Agama Islam masuk ke Brunei pada abad ke-15. Sejak
itu, Kerajaan Brunei berubah menjadi Kesultanan Islam. Pada abad ke-16,
Kesultanan Brunei tergolong kuat wilayahnya, dan daerah kekuasaannya meliputi
pula beberapa pulau di Filipina Selatan. Sejarah yang ditulis bangsa Barat
mengatakan pula bahwa pada masa jayanya Brunei dinilai menjadi pelindung
kawanan bajak laut yang beroperasi di Laut Cina Selatan.

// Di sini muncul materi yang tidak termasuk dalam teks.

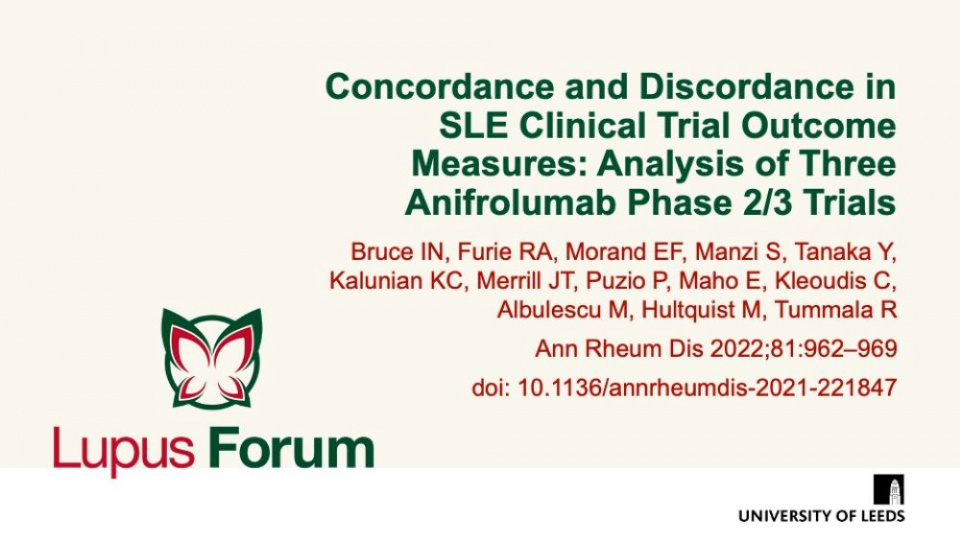 Publication thumbnail: Concordance and discordance in SLE clinical trial outcome measures: analysis of three anifrolumab phase 2/3 trials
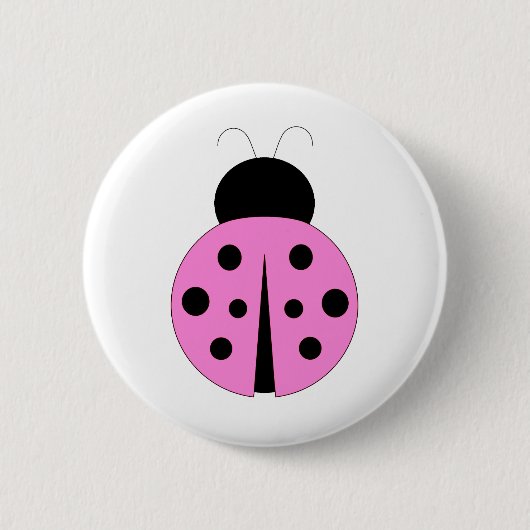 Rosa und schwarzer Marienkäfer Button (Vorderseite)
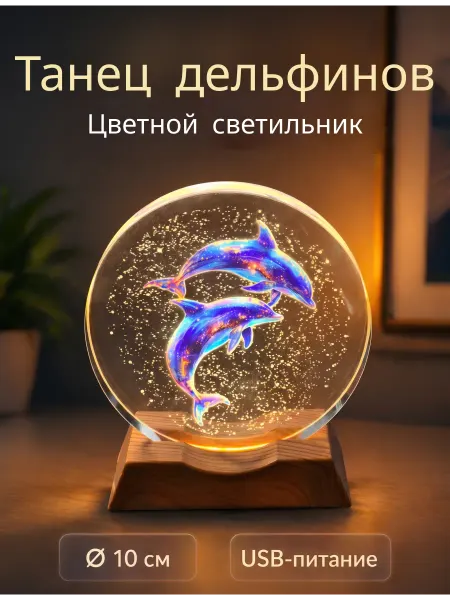 NeboDeco Танец дельфинов светильник ночник цветной декоративный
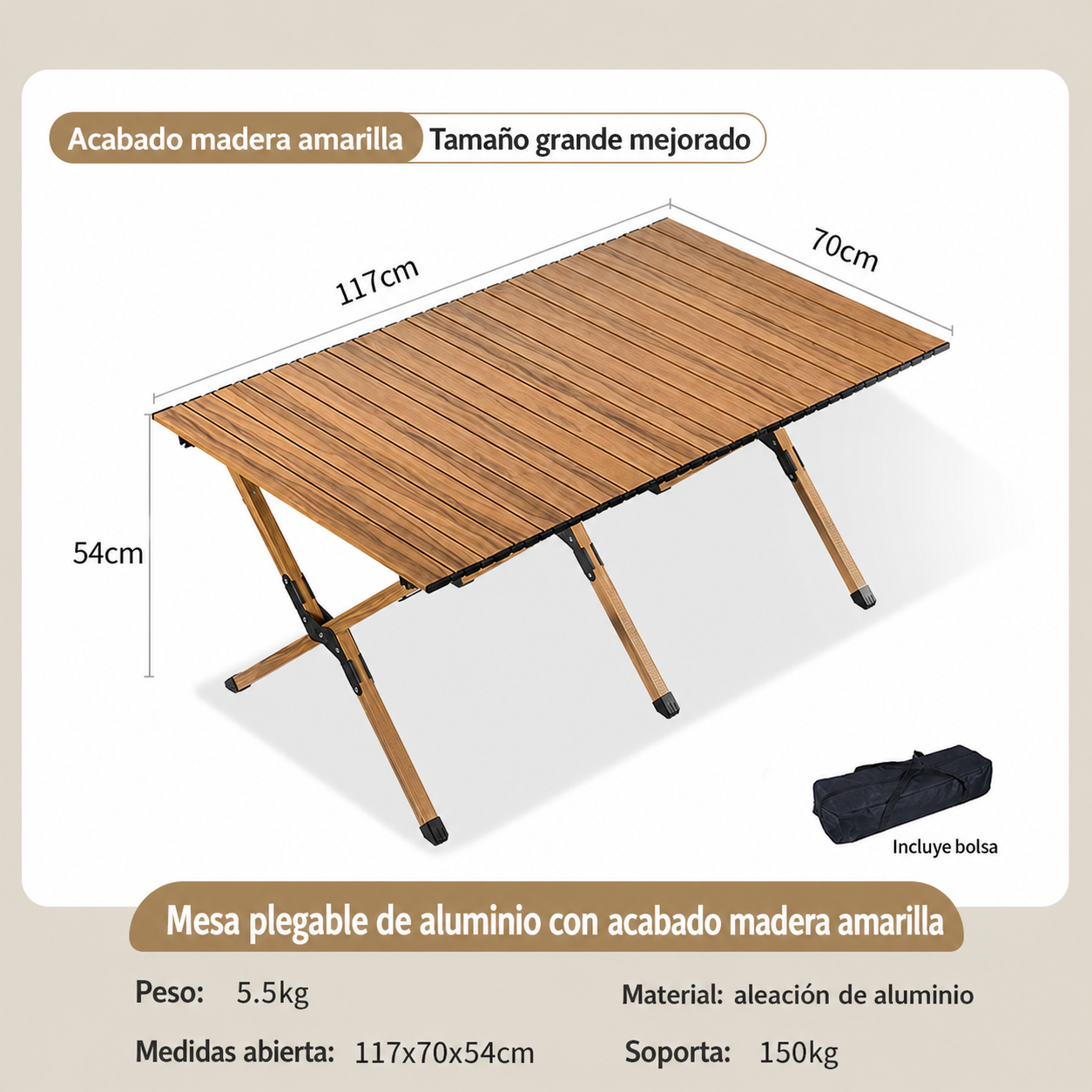 Mesa y Silla Plegable para Camping y Picnic al Aire Libre - 11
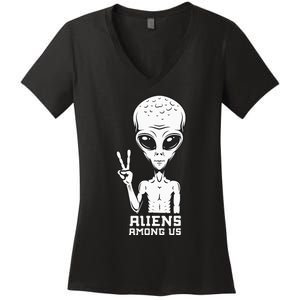 Aliens Among Us Space Astronaut Extraterrestrial Women's V-Neck T-Shirt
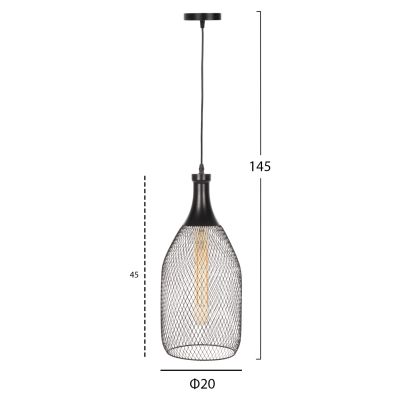 CEILING PENDANT LAMP HM4105 BLACK METAL MESH CAP Φ20x145Hcm.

Menurut Musa (1998:84) Luas seluruh
daerah kesultanan ini adalah 5.765 Km2. Daerahnya terbagi menjadi 4
distrik, masing-masing Brunei/Muara, Tutong, Belait, dan Temburong. Sejumlah kota utama termasuk kota pelabuhan Muara, serta kota Seria yang menghasilkan minyak, dan Kuala Belait, kota
tetangganya. Di daerah Belait, kawasan Panaga ialah kampung halaman sejumlah besar ekspatriat,
disebabkan oleh fasilitas perumahan dan rekreasi Royal
Dutch Shell dan British Army. Klub Panaga
yang terkenal terletak di sini. Iklim Brunei ialah tropis khatulistiwa, dengan
suhu serta kelembapan yang tinggi, dan sinar matahari serta hujan lebat
sepanjang tahun.
Kira-kira
dua pertiga jumlah penduduk Brunei adalah orang Melayu. Kelompok etnik minoritas
yang paling penting dan yang menguasai ekonomi negara ialah orang Tionghoa (Han)

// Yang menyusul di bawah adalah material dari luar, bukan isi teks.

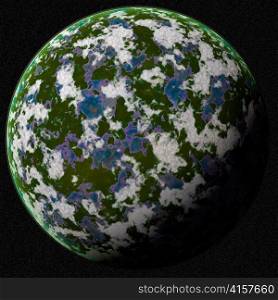 Green planet in outer space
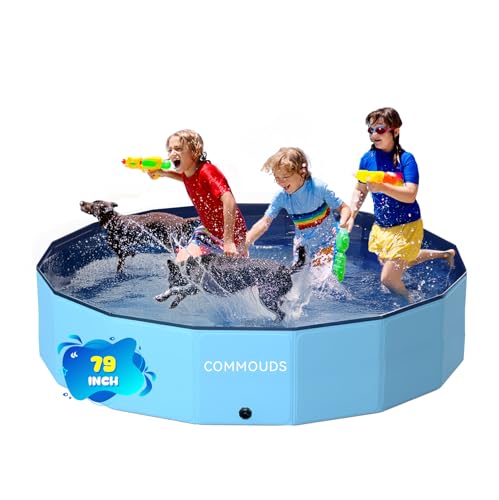 Image of COMMOUDS Foldable Dog Pool, Collapsible Hard Plastic Dog Kiddie Swimming Pool, Portable Pet Bath Tub Wading Pools for Kids and Puppy Small Medium Large Dogs(79inch.D x 16inch.H)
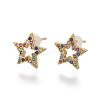 Brass Cubic Zirconia Stud Earrings EJEW-E239-04G-2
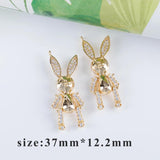 18k Plated Copper Zircon Charm Pendants DIY Jewelry Making 2pcs/lot
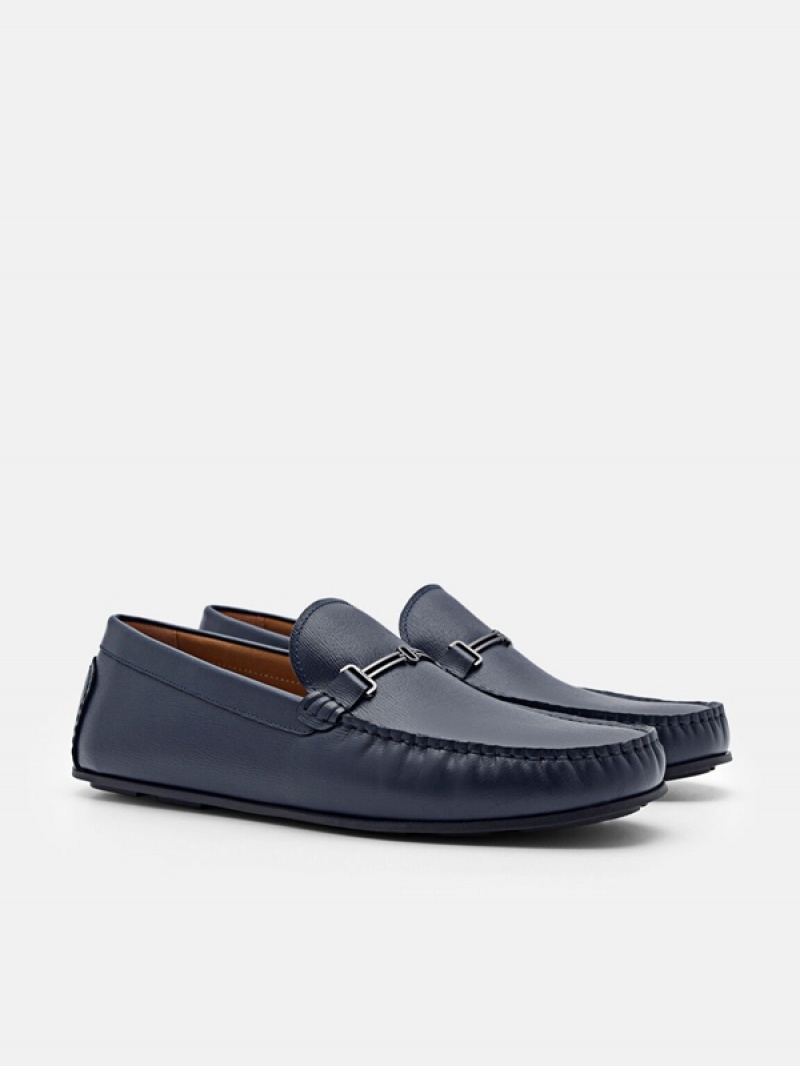 Navy Men's Pedro Anthony Leather Moccasins | FHRENU-958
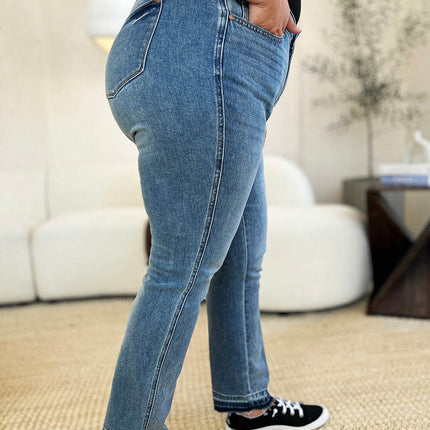 Judy Blue Full Size Mid Rise Rigid Magic Release Hem Women Jeans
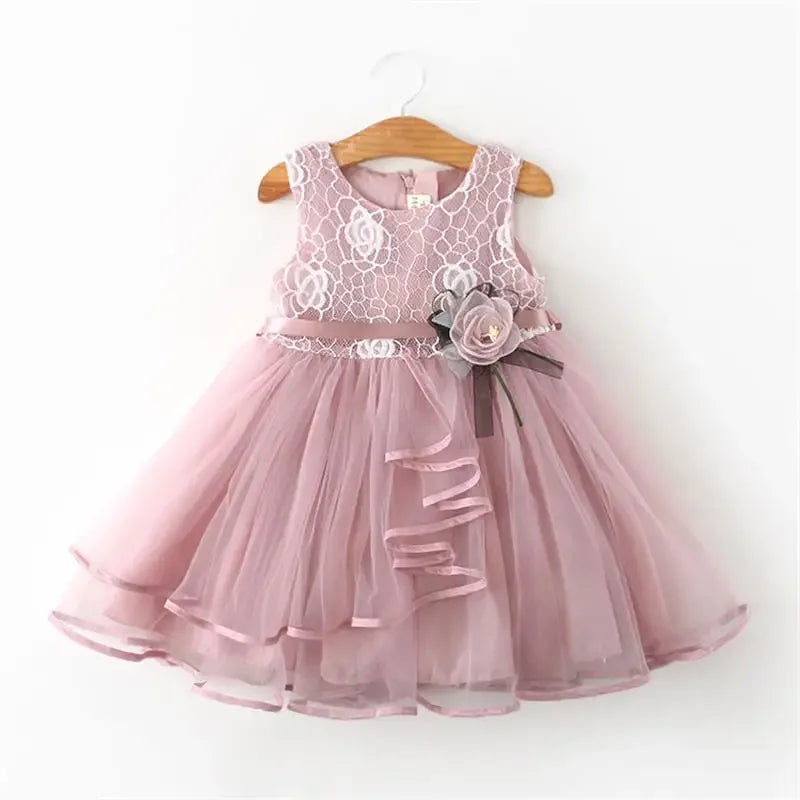 Flower Newborn Baby Dress New Summer Cute Baby Girls Clothes Tulle Lace Infant Christmas Party Clothing Girls Birthday Dress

yang menyusun lebih kurang 15% jumlah penduduknya. Etnis-etnis ini juga
menggambarkan bahasa-bahasa yang paling penting: bahasa Melayu yang
merupakan bahasa resmi, serta bahasa Tionghoa. Bahasa Inggris juga
dituturkan secara meluas, dan terdapat sebuah komunitas ekspatriat yang agak
besar dengan sejumlah besar warganegara Britania dan Australia.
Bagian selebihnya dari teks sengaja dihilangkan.